Il n’y eut pas grande différence à s’habituer aux ombres, la chandelle était si ténue.

Et pourtant ce fut l’entrée dans un tout autre monde.

Oscar manqua une respiration, puis deux, comme si le fait de retenir son souffle allait lui permettre d’entendre les battements de cœur de son compagnon. Il avait gardé son poste d’observation, c’est-à dire au-dessus d’elle en appui sur son avant-bras.

Etait-il aussi troublé qu’elle-même ?

Non, pas troublé. Mauvais mot. Incandescent : voilà.

 

- Embrasse-moi encore, finit par chuchoter Oscar au bout de quelques secondes.

- Non.

- Non ? Pourquoi ?

- « Si de ta vie tu répètes encore une fois pourquoi »…

- Je suis sérieuse. Cesse de me citer, même si j’étais d’une perspicacité admirable à ton sujet. Tu ne veux pas…faire comme à l’instant ?

- Bon sang, tu avais promis d’être sage !

- Et en quoi ma demande romprait cette promesse ?

- Déjà parce que tu bouges beaucoup trop…

- Comment cela, tu mens.

- Vérité. Tu peux me dire ce qu’est en train de faire ta main ?

- Oh…

 

Elle prit soudaine conscience de ses doigts jouant parmi les boucles brunes, dont la texture devait être à ce point soyeuse qu’elle répétait cette caresse encore, et encore.

 

- Oh, ça, admit-elle. C’est…pour mieux m’endormir, je crois.

- Vraiment ? Et je suppose que ta requête ne concerne qu’un baiser de bonne nuit, comme nous le donnait parfois Grand-Mère ?

- Là, non, j’admets en effet une petite entorse au principe . Mais cela peut contribuer tout de même à me faire passer une bonne nuit, sourit elle de manière radieuse.

- Tu es impossible.

- Mais attends…parlons un peu de toi, mon cher. Tu me jettes à la face des accusations infondées sans même voir tes propres fautes, qui sont autrement plus préoccupantes ! Puis-je aussi savoir ce que je sens toujours autour de ma taille, mmmh ?

- Rien.

- Ah non ! Un bras, peut-être…Ou bien alors, un enlacement de bonne nuit ?
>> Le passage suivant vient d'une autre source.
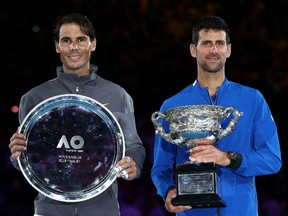 Novak Djokovic of Serbia poses with the Norman Brookes Challenge Cup following victory in his Men's Singles Final match along side runner up Rafael Nadal of Spain during day 14 of the 2019 Australian Open at Melbourne Park on January 27, 2019 in Melbourne, Australia.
- Pas du tout. Tu n’y es pas. C’est…en réalité j’ai une peur atroce du noir.

- Oh, oh. Je suis donc là pour te protéger de monstres sanguinaires tapis sous le lit, à moins qu’ils ne soient dans un des tiroirs du petit secrétaire, là-bas.

- Exactement.

- André…puis-je te dire quelque chose ?

- Je vois mal comment t’en empêcher, même si je suis pratiquement certain que cela ne va pas me plaire du tout.

- Tu me fais envie…

 

Elle le cueillit par surprise, ce qui n’était guère étonnant puisqu’elle le fut tout autant à l’énoncé de ses paroles. C’était un fait, pourtant. Ce visage qu’elle connaissait, était une découverte à ce point renouvelée qu’un méandre savant bataillait ferme dans son ventre. Soulignant sa sentence, ses doigts bifurquèrent sur la pommette diablement séduisante de son ami, la dessinèrent, avant de partir vers d’autres régions.

 

- Oscar…rugit-il tendrement.

- Tu as quantité de rides sur ton front lorsque tu es fâché…dit rêveusement la jeune fille.

- Arrête !

 

Cette fois immobilisée des deux poignets contre l’oreiller, Oscar attendit de la plus candide des façons qu’il reprenne ses esprits. Du moins elle le supposa, vu l’agitation de sa vaste poitrine pratiquement soudée à la sienne maintenant. Il la regarda. Entièrement, de ce quelque chose de diablement excitant dans l’œil. Une coulée de lave la secoua parce qu’il était le moins innocent du monde, quand il s’attardait plus que de raison sur ses jambes et sa hanche. L’autre était prisonnière de la sienne, à demi, elle-même protégée par les duvets de plumes fines. Et dessous, la nudité complète du jeune homme

Cette idée lui retourna de nouveau les sangs, et sans pouvoir se retenir vint déposer un léger baiser dans le cou masculin, si proche.

 

- C’est ainsi que tu comptes être sage ? la menaça t-il.

- Bien sûr. Je vais même recommencer, car je trouve ta peau très attirante. J’aime infiniment ton odeur…

- Oscar...gronda t-il d’une voix lascive quand elle recommença non pas une fois, mais trois.

- Embrasse-moi, et j’arrête…

- Du chantage, on aura tout vu ! Et dire que tu menaçais de me casser la figure il y a quelques heures à peine…Aïe !

- Je fais comme toi, je te mange, sourit-elle dans la chaleur de son cou. Et puis tu l’as mérité. Je te mords encore une fois si tu n…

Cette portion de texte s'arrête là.